Photo: Le bâtiment des grandes endémies au Centre Hospitalier Universitaire ( CHU ) de Treichville à Abidjan (Abidjan.net)


La privatisation des CHU est une question qui est en toile de fond de la réforme hospitalière adoptée en 2019, même si nos dirigeants s’en défendent, affirmant « qu’il n’en sera jamais question ». Beaucoup sont "horrifiés" lorsque la perspective est mise sur la table. Pourtant les CHU sont des hôpitaux, mais aussi des entreprises qui fonctionnent dans un environnement concurrentiel. Ils assurent un service public, mais ont une production marchande. Il faut garder ces points à l'œil. Peuvent-ils faire face à toutes leurs charges ( y compris les salaires du personnel ) grâce aux recettes qu’ils dégagent ? La question est simple.

Il y a deux paramètres à prendre en compte : la qualité et les coûts des soins. Comment évolue le rapport qualité-coût des soins aujourd’hui ? Les malades sont-ils mieux traités dans la configuration actuelle ? Maintenir les CHU dans le giron de l’Etat est-elle la meilleure option pour une amélioration des soins et des prix bas ? Beaucoup se prononcent sans avoir ces questions à l'esprit. Ils voient l’hôpital mais pas l’entreprise que l’Etat ne peut plus subventionner.
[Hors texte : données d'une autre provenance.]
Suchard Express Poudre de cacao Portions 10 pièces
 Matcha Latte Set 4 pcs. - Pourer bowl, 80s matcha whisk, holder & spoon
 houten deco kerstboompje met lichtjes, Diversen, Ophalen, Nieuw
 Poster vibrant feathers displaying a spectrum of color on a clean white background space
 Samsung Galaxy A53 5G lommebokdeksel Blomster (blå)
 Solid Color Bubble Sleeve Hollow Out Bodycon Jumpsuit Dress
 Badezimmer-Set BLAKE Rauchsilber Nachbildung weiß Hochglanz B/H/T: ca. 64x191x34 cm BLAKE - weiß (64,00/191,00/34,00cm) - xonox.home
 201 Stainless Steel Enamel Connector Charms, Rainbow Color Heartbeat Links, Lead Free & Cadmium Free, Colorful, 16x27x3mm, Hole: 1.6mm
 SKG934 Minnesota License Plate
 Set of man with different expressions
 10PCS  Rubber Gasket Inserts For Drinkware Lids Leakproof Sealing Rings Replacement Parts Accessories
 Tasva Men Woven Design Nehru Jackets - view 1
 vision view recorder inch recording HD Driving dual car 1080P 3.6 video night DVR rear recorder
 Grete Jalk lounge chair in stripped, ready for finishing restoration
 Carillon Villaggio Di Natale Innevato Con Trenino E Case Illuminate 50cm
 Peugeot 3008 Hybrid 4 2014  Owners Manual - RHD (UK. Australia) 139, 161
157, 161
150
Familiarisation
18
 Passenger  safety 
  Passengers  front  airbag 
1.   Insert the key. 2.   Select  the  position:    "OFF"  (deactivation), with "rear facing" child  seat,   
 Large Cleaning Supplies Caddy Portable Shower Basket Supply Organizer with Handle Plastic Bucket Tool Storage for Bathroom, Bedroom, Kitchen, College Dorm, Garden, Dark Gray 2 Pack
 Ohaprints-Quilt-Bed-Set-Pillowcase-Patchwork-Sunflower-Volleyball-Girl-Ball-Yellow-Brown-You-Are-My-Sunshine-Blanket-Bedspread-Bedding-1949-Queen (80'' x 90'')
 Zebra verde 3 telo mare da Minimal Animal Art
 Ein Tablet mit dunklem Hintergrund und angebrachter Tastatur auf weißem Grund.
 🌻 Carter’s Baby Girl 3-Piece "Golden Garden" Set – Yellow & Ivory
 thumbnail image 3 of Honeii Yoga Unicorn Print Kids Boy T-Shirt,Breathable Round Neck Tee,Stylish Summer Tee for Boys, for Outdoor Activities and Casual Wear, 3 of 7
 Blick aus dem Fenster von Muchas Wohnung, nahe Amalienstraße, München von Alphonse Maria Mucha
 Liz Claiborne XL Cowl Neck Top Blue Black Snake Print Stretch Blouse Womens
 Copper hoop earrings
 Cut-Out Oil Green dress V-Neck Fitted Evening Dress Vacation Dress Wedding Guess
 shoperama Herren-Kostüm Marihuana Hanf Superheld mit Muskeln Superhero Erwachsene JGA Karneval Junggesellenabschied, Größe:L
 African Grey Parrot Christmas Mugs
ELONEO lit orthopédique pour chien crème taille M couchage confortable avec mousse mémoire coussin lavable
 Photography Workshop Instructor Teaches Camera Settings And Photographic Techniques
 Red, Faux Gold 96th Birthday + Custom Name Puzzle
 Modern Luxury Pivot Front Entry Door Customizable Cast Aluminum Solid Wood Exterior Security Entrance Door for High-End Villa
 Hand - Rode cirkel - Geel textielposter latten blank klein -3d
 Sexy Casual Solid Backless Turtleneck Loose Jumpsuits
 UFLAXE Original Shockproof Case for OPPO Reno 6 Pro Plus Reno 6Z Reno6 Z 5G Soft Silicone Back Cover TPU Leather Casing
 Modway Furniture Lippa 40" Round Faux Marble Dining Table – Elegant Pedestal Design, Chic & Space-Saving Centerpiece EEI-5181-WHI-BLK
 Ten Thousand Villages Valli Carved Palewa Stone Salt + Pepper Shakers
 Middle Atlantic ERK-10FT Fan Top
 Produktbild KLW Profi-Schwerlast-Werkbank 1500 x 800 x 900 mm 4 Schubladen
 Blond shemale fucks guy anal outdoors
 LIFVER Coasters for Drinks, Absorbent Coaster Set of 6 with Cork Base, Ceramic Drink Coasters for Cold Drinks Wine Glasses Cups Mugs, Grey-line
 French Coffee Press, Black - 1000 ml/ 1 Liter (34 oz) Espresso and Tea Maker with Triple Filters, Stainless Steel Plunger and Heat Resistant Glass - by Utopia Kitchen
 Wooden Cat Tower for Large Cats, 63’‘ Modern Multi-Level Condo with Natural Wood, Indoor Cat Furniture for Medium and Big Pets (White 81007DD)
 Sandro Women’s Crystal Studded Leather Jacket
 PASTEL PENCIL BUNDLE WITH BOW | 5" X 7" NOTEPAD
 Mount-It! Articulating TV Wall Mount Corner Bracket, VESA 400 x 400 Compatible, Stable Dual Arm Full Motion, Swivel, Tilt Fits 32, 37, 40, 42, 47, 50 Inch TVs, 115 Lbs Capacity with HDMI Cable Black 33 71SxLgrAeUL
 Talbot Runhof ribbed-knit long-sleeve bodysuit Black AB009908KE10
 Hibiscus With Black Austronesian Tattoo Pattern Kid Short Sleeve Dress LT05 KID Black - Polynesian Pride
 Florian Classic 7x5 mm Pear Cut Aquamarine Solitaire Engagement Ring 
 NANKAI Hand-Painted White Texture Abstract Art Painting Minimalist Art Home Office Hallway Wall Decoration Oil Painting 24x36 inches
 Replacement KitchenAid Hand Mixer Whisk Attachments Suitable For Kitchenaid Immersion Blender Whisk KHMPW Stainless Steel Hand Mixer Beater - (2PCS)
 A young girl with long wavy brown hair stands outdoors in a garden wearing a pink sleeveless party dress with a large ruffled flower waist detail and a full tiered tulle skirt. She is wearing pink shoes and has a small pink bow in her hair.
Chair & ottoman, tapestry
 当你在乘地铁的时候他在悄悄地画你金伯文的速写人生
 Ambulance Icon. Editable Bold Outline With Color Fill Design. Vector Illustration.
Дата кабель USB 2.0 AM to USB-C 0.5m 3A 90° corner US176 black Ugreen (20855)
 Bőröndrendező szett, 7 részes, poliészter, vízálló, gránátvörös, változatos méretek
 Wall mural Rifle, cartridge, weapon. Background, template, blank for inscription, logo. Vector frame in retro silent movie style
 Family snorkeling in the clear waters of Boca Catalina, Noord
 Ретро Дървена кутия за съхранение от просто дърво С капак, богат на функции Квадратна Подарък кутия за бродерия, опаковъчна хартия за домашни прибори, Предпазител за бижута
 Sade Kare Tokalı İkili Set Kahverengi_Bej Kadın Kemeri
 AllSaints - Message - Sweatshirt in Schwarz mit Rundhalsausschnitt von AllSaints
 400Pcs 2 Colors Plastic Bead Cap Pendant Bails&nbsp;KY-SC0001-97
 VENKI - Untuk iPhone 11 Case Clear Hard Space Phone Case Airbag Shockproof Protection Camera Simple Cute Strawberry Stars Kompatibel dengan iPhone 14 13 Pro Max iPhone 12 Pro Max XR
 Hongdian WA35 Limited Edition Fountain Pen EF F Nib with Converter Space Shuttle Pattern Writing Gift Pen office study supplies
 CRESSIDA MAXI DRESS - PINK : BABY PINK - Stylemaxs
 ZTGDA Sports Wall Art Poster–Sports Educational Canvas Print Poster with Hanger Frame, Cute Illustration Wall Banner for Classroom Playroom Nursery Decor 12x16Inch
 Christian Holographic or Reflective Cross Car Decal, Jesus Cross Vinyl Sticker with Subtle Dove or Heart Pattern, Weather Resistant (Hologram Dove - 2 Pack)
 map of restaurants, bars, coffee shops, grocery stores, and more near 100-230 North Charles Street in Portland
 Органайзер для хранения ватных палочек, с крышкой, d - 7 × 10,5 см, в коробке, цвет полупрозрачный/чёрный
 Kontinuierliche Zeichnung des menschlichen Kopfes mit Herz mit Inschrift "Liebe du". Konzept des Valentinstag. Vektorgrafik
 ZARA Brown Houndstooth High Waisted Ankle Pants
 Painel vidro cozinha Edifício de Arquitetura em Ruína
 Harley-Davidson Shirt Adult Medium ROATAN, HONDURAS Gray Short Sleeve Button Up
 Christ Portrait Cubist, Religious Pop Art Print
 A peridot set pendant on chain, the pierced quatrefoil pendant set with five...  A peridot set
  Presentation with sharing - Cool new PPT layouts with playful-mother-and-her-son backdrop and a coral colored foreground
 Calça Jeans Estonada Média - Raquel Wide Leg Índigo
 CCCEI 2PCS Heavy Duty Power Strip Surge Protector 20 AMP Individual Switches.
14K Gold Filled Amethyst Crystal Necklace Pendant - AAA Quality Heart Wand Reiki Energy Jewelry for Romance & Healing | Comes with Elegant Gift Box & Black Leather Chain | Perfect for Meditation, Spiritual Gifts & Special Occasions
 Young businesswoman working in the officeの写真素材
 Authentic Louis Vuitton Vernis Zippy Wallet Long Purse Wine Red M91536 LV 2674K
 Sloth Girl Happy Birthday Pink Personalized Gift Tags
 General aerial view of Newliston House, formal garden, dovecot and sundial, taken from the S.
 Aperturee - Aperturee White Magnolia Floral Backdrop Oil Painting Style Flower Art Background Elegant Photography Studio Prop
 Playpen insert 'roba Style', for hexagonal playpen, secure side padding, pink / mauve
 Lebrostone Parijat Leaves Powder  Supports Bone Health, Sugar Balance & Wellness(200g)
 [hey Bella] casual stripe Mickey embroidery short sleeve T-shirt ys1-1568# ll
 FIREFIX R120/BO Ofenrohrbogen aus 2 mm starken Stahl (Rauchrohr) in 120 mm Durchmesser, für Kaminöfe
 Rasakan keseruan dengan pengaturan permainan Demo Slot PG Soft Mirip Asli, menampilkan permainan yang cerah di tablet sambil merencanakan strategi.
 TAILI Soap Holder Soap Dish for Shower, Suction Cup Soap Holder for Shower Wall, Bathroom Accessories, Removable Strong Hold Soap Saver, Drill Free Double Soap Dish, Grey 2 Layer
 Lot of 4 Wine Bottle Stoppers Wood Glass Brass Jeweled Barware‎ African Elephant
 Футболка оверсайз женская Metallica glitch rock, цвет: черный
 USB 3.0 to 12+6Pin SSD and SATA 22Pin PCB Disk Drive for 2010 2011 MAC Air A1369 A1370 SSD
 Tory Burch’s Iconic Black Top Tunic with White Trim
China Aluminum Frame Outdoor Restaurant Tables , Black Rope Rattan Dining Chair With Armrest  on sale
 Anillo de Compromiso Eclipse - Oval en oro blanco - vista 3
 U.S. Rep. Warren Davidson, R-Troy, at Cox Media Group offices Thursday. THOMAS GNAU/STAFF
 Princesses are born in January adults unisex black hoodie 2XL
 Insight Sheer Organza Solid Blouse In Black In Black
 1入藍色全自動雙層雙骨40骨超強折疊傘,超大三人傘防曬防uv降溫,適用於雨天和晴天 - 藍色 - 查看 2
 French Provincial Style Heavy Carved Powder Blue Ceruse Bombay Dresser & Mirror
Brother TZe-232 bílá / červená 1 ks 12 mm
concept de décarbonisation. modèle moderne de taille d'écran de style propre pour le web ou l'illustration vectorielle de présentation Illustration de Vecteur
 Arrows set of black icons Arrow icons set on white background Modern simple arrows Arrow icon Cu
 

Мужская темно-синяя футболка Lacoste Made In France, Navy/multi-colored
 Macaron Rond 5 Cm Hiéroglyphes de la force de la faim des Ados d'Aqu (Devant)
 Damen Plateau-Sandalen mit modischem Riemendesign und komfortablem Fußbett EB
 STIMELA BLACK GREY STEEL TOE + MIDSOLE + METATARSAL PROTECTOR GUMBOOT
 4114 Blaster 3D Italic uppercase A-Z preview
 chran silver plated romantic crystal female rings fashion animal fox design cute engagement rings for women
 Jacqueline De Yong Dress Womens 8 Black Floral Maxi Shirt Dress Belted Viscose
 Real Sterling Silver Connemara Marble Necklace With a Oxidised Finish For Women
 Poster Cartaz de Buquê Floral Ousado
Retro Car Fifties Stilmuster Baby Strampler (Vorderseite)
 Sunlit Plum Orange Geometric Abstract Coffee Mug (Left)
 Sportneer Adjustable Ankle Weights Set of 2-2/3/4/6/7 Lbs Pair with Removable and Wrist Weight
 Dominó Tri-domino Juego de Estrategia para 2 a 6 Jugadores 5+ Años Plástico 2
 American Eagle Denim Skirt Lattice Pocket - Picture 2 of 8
Gratuits à l’origine, les soins sont devenus progressivement payants, amenant peu à peu les CHU à fonctionner comme des entreprises. Pourquoi ne pas envisager de les confier au secteur privé si cela peut déboucher sur un meilleur fonctionnement, une meilleure rentabilité, qui profitera aux populations ? Pour ceux qui s’insurgent, les coûts des soins vont augmenter, si les CHU sont acculés à la rentabilité, ce qui sera le cas s’ils sont privatisés. Les populations n'auront plus ainsi l'accès à des soins "abordables". Pourtant les faits montrent que ce jugement est totalement erroné.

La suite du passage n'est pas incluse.